What are the lines, word for word, from the line with "Damian latinxxx online" up to and including the line with "Kauf mir ein Bier T-Shirt (Design vorne)" in the records below? Omit the pictures.

| Records to use |
□ □ □ □ □

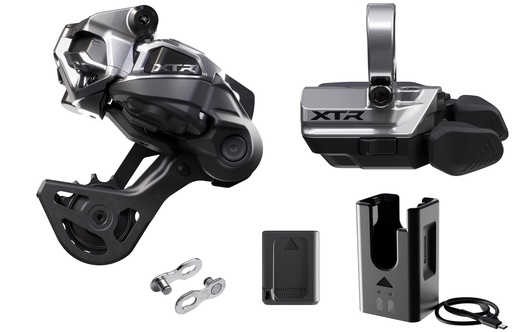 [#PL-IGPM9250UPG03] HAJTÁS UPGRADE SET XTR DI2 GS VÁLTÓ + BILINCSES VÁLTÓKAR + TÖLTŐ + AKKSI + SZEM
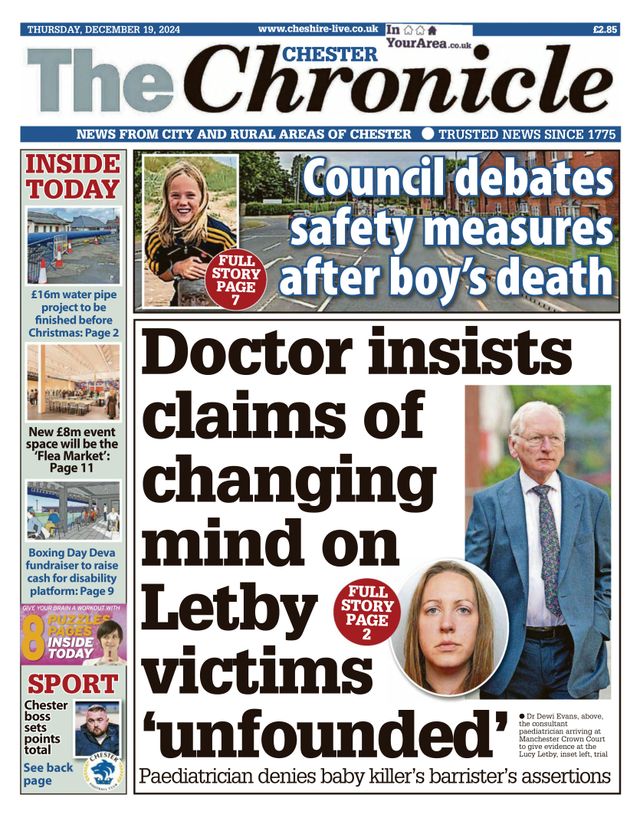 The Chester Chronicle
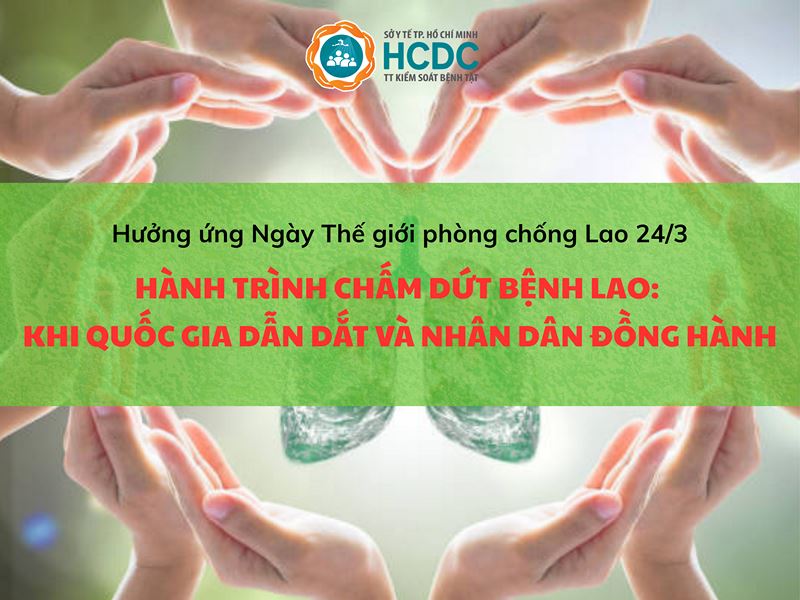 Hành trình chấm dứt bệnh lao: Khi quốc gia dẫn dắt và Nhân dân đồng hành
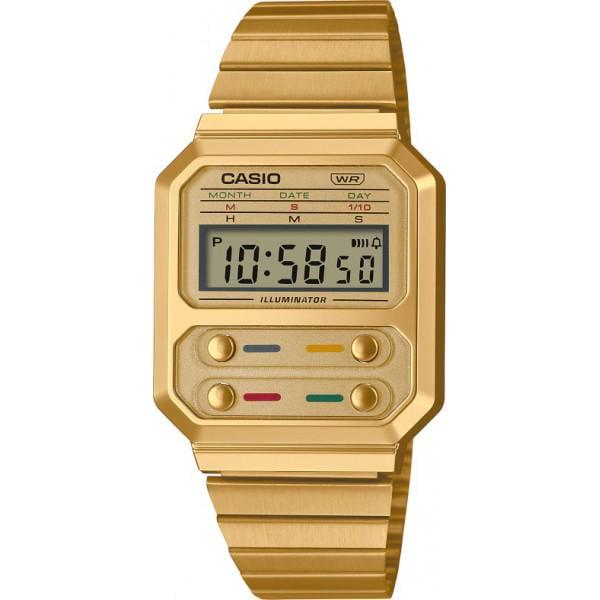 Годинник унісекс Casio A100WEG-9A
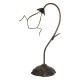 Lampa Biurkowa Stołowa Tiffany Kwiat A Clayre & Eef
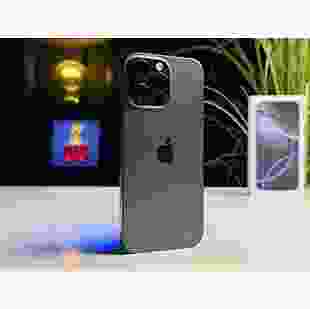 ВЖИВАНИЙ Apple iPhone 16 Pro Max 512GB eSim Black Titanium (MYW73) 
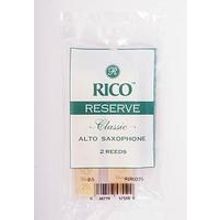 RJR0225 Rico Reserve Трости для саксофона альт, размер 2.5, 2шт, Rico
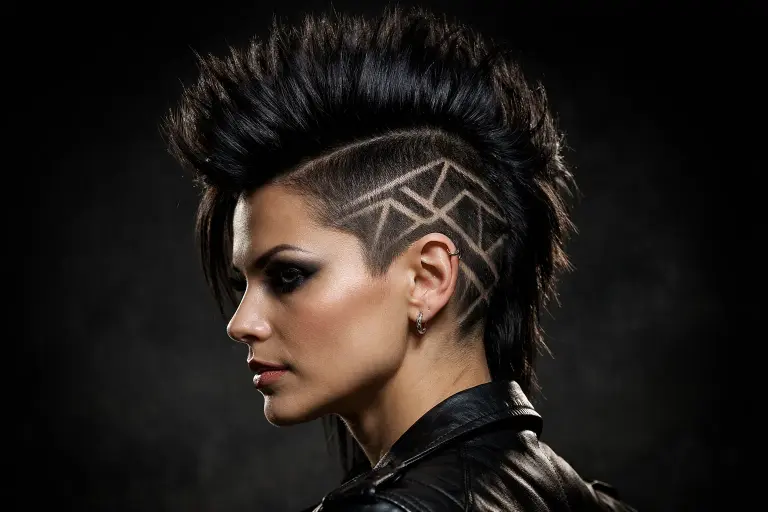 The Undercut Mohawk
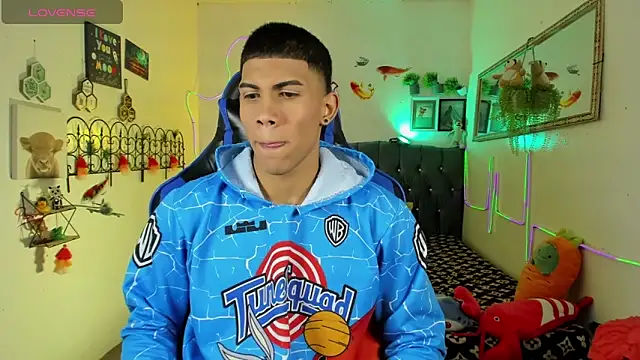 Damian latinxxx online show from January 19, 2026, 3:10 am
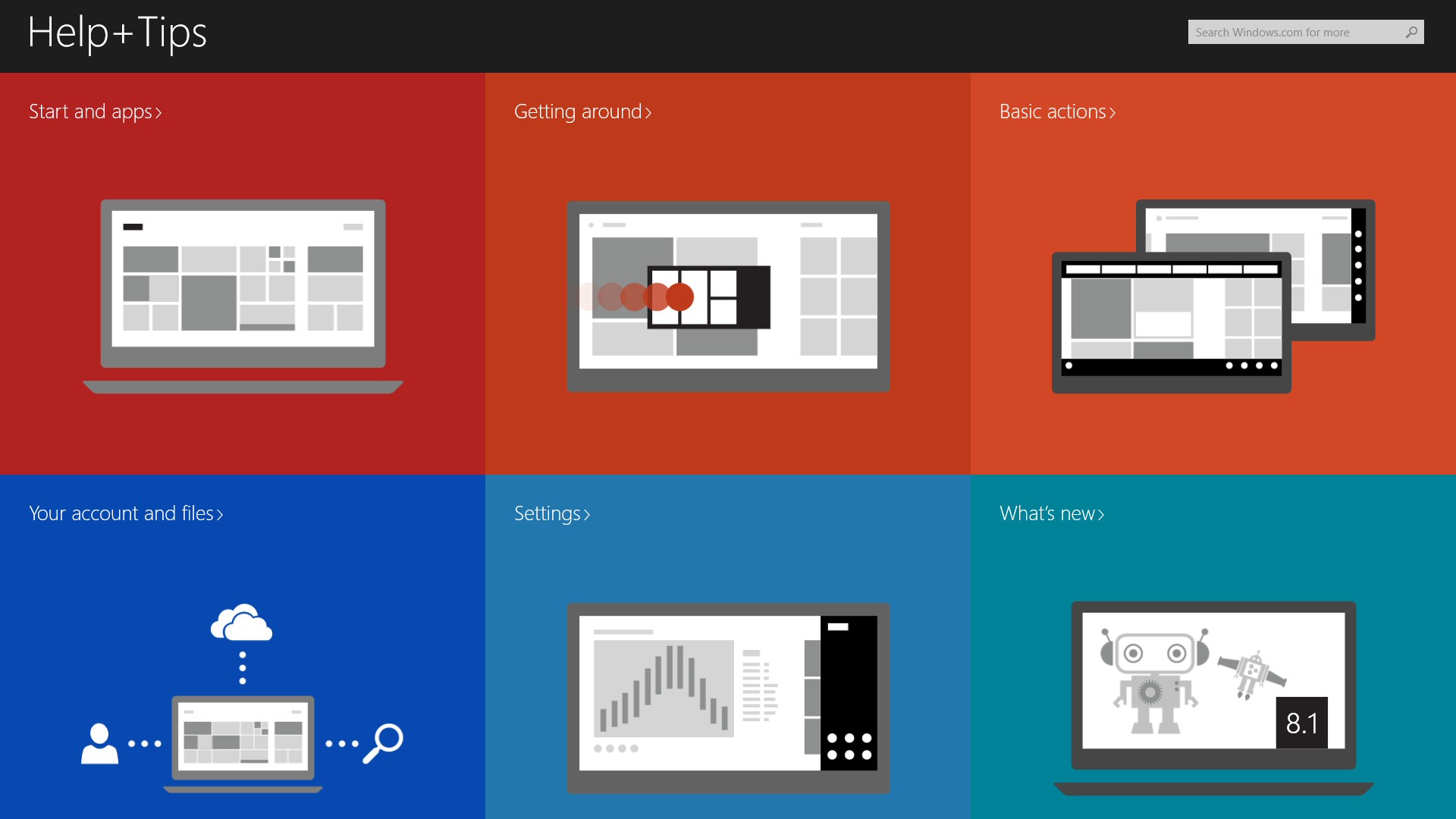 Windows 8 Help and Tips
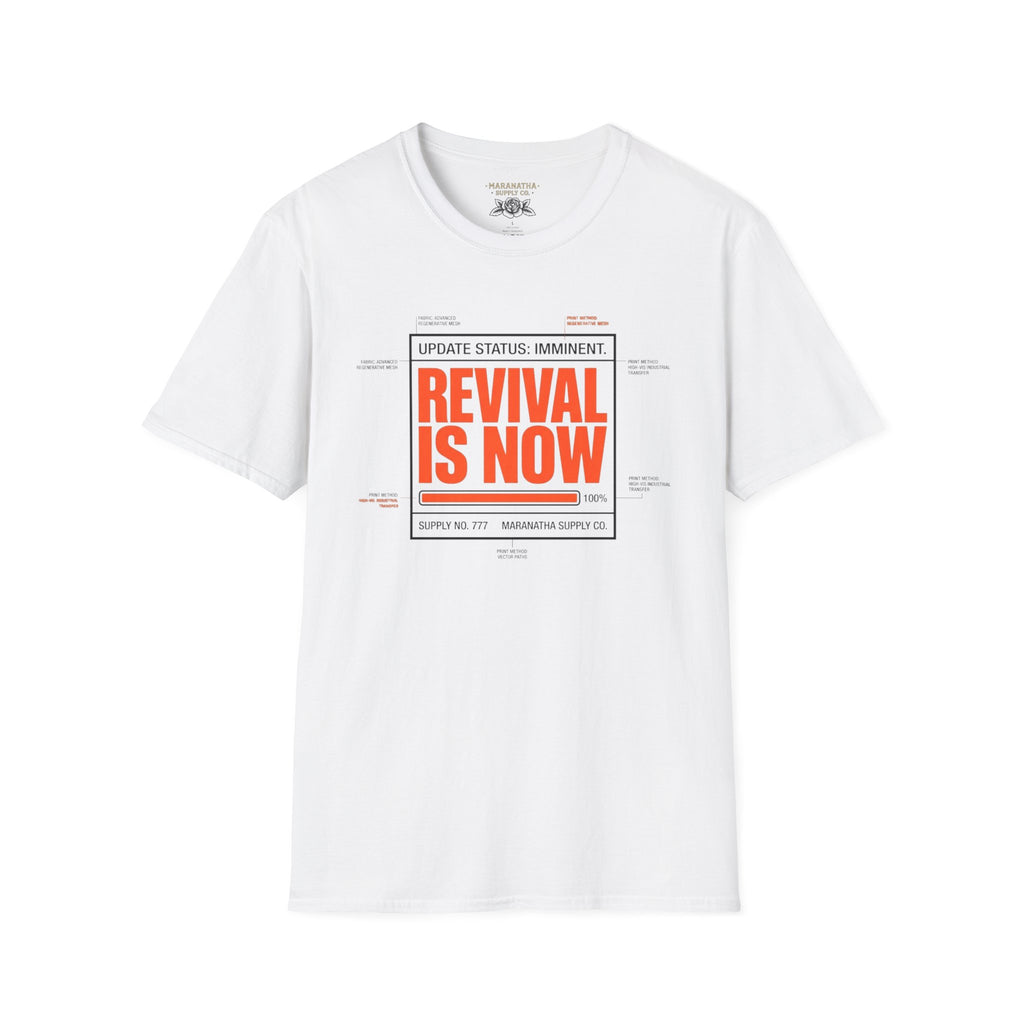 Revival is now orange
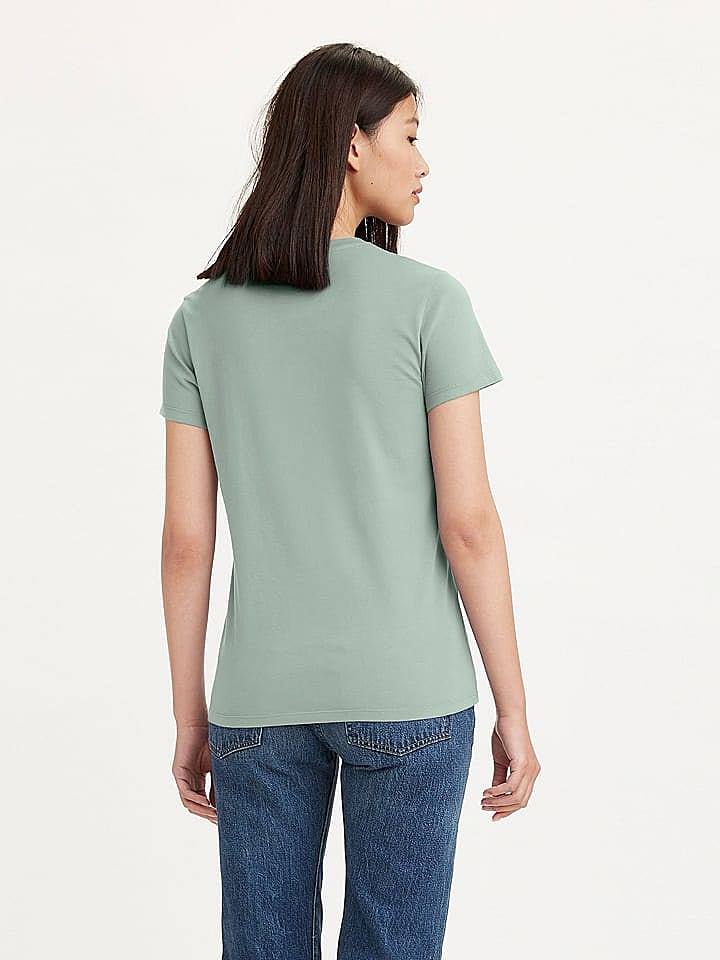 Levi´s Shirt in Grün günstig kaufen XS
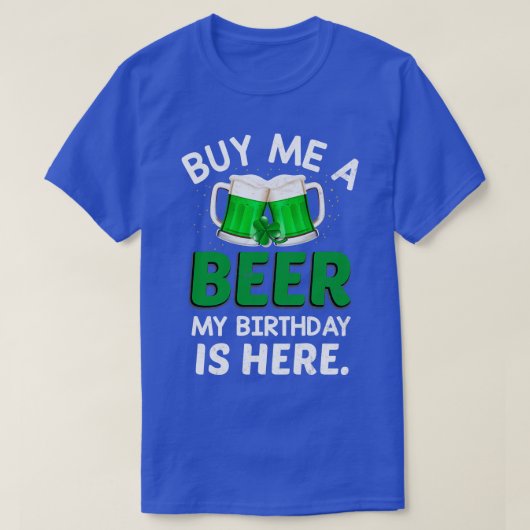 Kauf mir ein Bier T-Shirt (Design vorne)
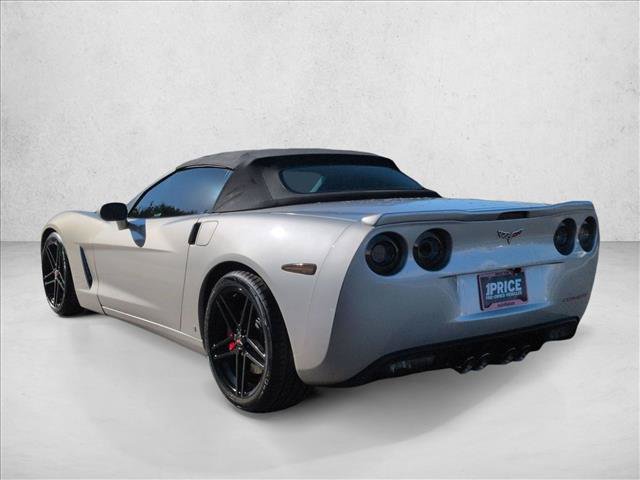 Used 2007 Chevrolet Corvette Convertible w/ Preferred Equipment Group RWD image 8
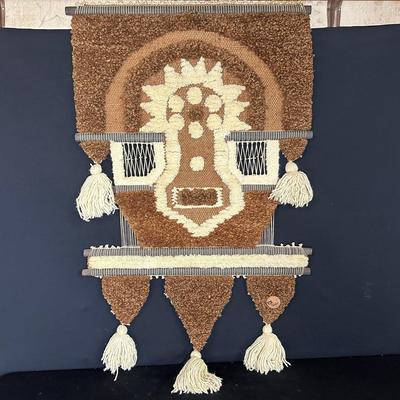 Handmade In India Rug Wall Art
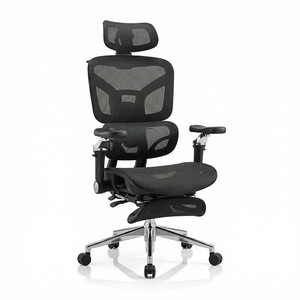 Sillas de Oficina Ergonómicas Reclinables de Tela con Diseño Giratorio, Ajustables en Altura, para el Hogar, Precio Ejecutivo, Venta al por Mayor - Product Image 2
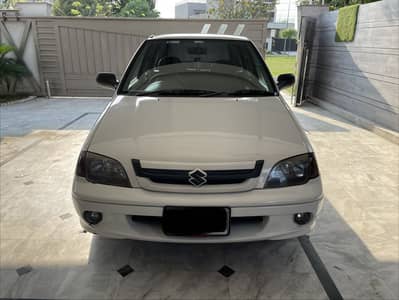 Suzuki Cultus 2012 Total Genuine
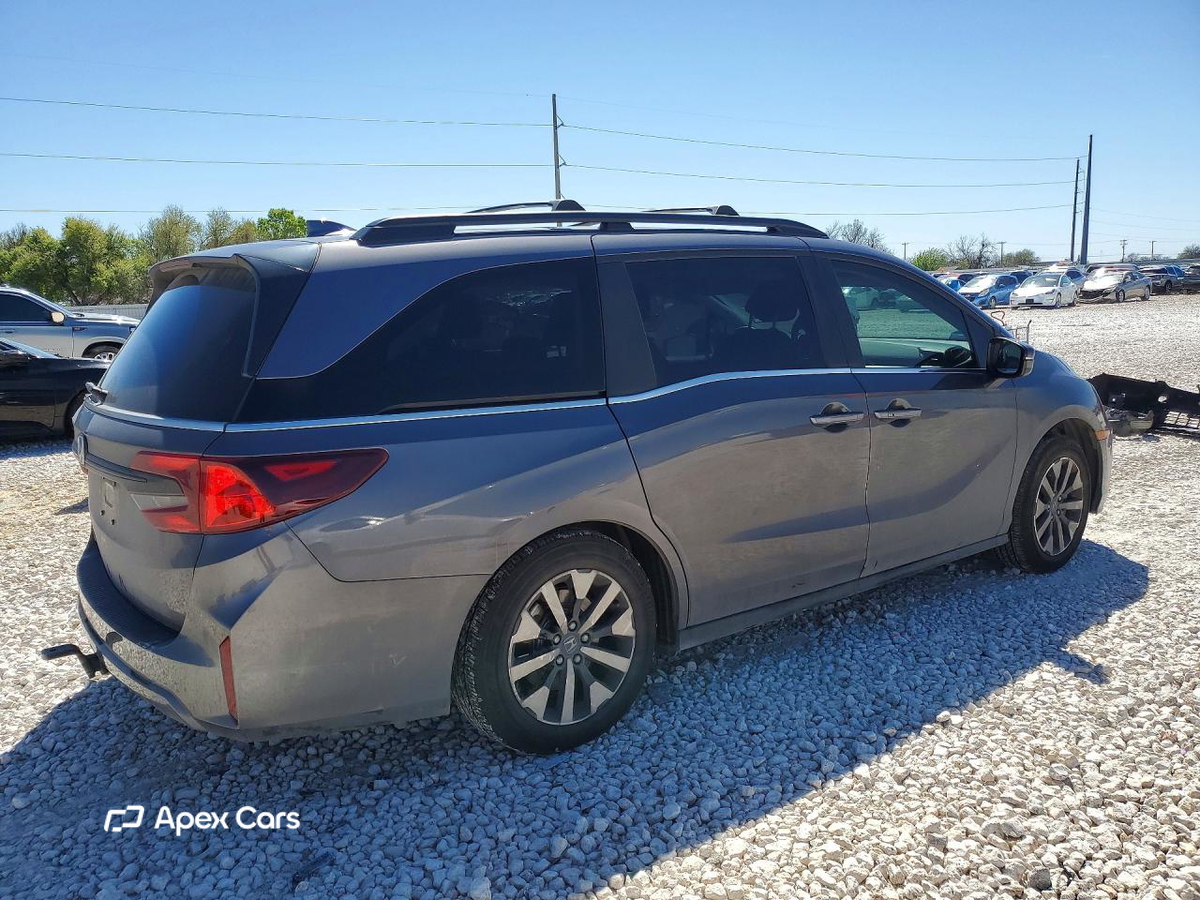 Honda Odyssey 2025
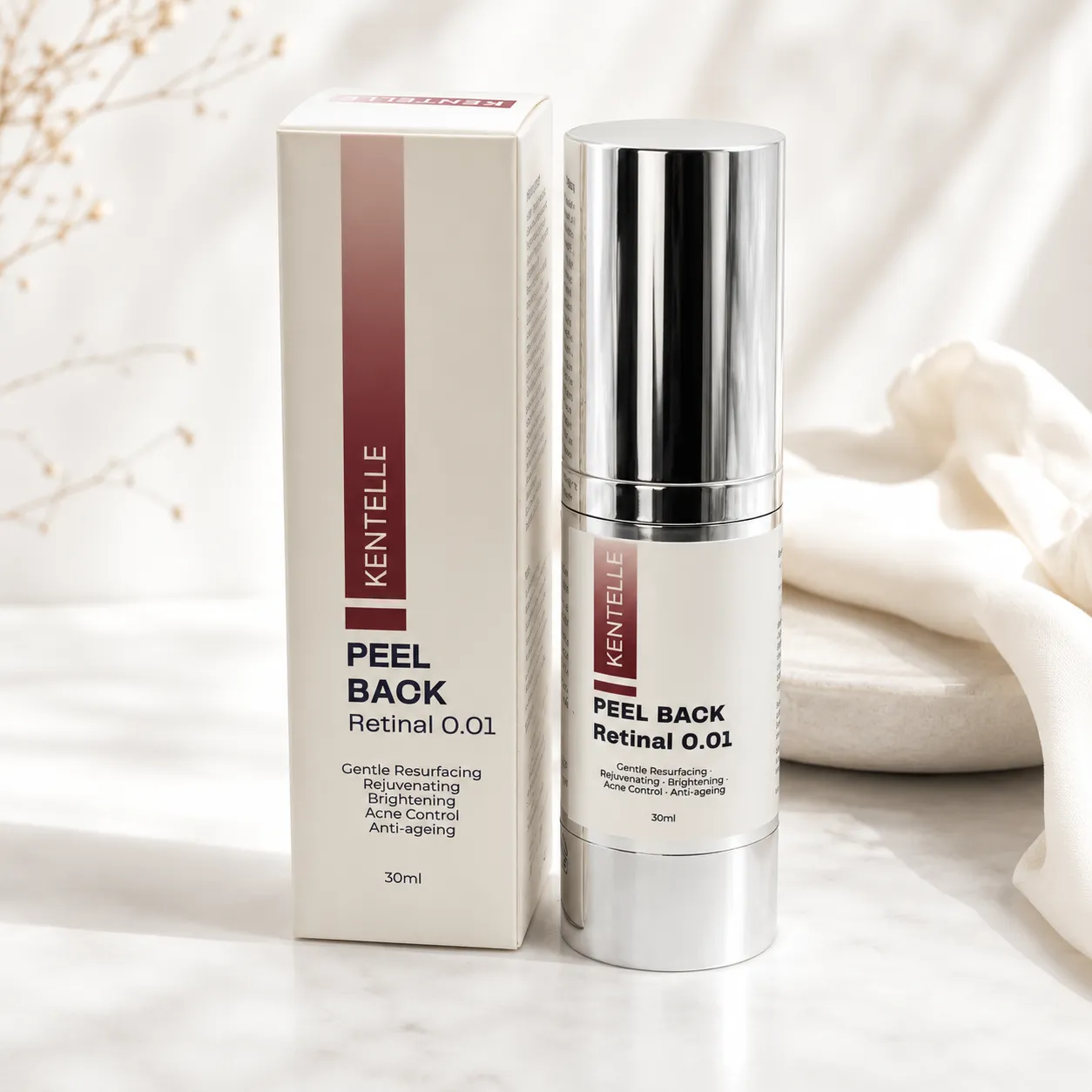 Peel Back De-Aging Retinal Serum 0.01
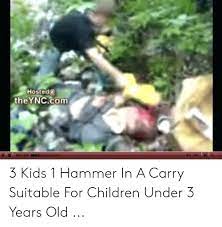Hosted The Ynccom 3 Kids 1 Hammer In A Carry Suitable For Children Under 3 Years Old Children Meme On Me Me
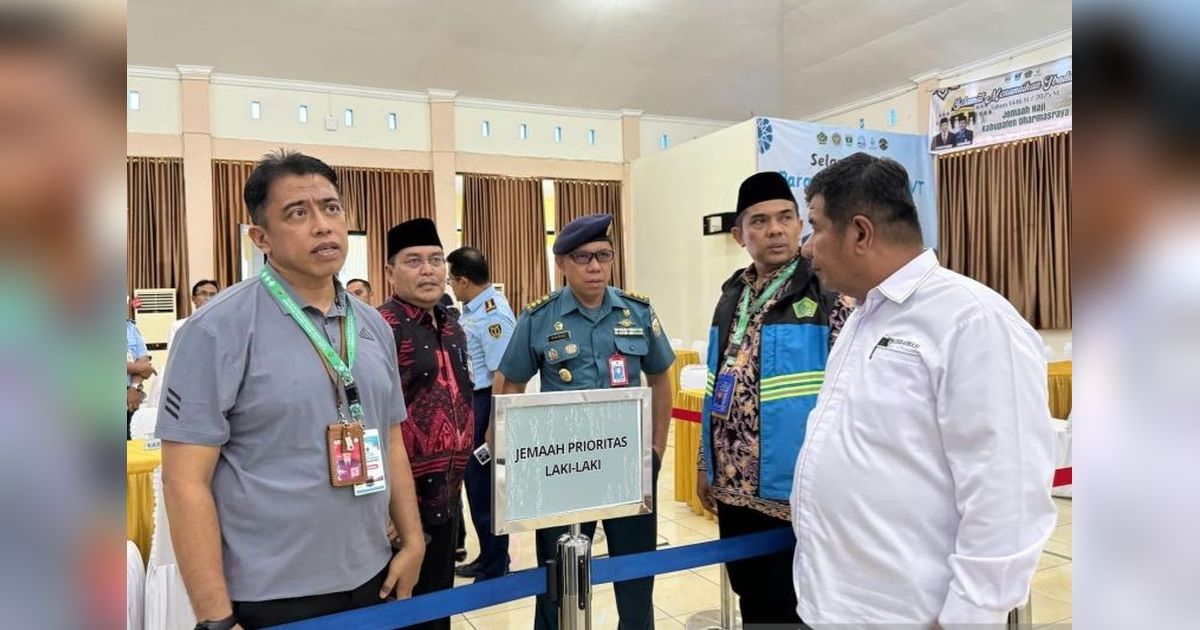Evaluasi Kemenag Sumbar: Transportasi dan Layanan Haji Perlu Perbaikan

□ □ □ □ □

| Completed exercise |
 Damian latinxxx online show from January 19, 2026, 3:10 am
 Windows 8 Help and Tips
 Revival is now orange
 Levi´s Shirt in Grün günstig kaufen XS
 Kauf mir ein Bier T-Shirt (Design vorne)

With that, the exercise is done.